Perspectiva de produção para a Ucrânia
Embora ainda sem contrato firmado, a Saab considera Gavião Peixoto como um dos possíveis hubs para a entrega de 20 Gripen E à Ucrânia. A decisão dependerá da aprovação de empréstimos da UE e das condições de exportação de armamentos.
Impacto econômico e geração de empregos
Estima‑se que a expansão criará cerca de 2 mil empregos diretos e 5 mil indiretos até 2032. O investimento total em infraestrutura e capacitação ultrapassa 500 milhões de reais, com retorno esperado em exportações de componentes.

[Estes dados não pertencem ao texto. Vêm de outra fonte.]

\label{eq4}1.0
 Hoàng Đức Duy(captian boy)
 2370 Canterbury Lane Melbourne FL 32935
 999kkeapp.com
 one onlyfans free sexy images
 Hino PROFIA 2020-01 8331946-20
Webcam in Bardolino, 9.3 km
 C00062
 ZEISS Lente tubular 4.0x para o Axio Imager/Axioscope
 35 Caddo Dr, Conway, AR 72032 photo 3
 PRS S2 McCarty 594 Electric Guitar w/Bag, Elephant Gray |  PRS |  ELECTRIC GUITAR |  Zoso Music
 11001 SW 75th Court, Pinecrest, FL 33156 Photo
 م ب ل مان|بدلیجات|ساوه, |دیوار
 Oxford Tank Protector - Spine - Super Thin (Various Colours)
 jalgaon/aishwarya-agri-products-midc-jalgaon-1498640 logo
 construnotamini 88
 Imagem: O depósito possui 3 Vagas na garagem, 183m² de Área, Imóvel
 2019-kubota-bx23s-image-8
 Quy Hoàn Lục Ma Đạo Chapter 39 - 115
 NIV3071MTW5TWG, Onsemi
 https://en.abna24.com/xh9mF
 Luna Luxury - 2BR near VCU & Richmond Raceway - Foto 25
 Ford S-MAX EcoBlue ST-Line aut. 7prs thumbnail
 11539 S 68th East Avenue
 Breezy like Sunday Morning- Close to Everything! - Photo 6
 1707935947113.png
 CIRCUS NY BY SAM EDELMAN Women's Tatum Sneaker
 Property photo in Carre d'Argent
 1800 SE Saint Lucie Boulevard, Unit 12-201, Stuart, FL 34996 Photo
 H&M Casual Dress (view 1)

Aspectos regulatórios e legislação de defesa
O projeto está sujeito à Lei de Defesa Nacional (Lei 13.370/2016) e às normas da Agência Nacional de Aviação Civil (ANAC). Autorizações de exportação de tecnologia sensível foram concedidas pelo Ministério da Defesa e pelo Ministério das Relações Exteriores.
Cronologia dos principais marcos
- 2013 – Assinatura do acordo de cooperação tecnológica Saab × Embraer.
- 2024 – Contrato de 17 Gripen com a Colômbia (valor de € 3,1 bi).
- Março 2026 – Primeiro Gripen E produzido integralmente no Brasil.
- Junho 2026 – Anúncio da intenção de usar o hub brasileiro para possíveis entregas à Ucrânia.
- 2032 – Conclusão das entregas previstas ao Brasil e à Colômbia.
Comparativo de produção: Linköping vs. Gavião Peixoto
| Fábrica | Capacidade anual (unidades) | Percentual da produção total |
|---|---|---|
| Linköping (Suécia) | 12 | ≈ 40 % |
| Gavião Peixoto (Brasil) | 9 | ≈ 30 % |
| Outros parceiros (ex.: Hungria) | 8 | ≈ 30 % |
Riscos e desafios operacionais
Problemas na cadeia de suprimentos, variações cambiais e pressões políticas podem impactar o cronograma de entregas. A dependência de componentes críticos importados exige estratégias de mitigação de risco.
A Visão do Especialista
O estabelecimento de um hub de produção de caças no Brasil representa um marco de soberania tecnológica para a América Latina. Se a Saab consolidar a capacidade local, o país poderá se tornar fornecedor regional, diversificando sua base industrial e reforçando a segurança regional. Contudo, a sustentabilidade do projeto dependerá da estabilidade econômica, da continuidade de políticas de apoio e da capacidade de atender requisitos de exportação de armamentos.